_Directions_. The response must consist of the lines below from the one with "230 Upland Ave, Newton MA 02461" through the one with "Mini Optimal Skin", exactly as they appear and with both ends kept.

_Provided records_.
────────────────────────────────────────

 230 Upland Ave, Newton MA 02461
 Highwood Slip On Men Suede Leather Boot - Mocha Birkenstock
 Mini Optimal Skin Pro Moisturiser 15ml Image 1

────────────────────────────────────────

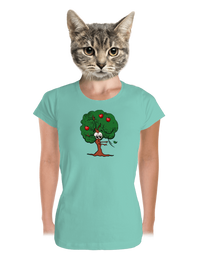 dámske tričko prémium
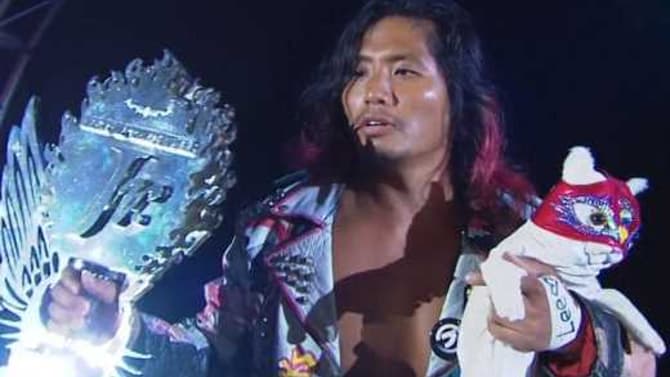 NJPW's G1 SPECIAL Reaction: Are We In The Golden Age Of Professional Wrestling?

────────────────────────────────────────

_Written response_.
 230 Upland Ave, Newton MA 02461
 Highwood Slip On Men Suede Leather Boot - Mocha Birkenstock
 Mini Optimal Skin Pro Moisturiser 15ml Image 1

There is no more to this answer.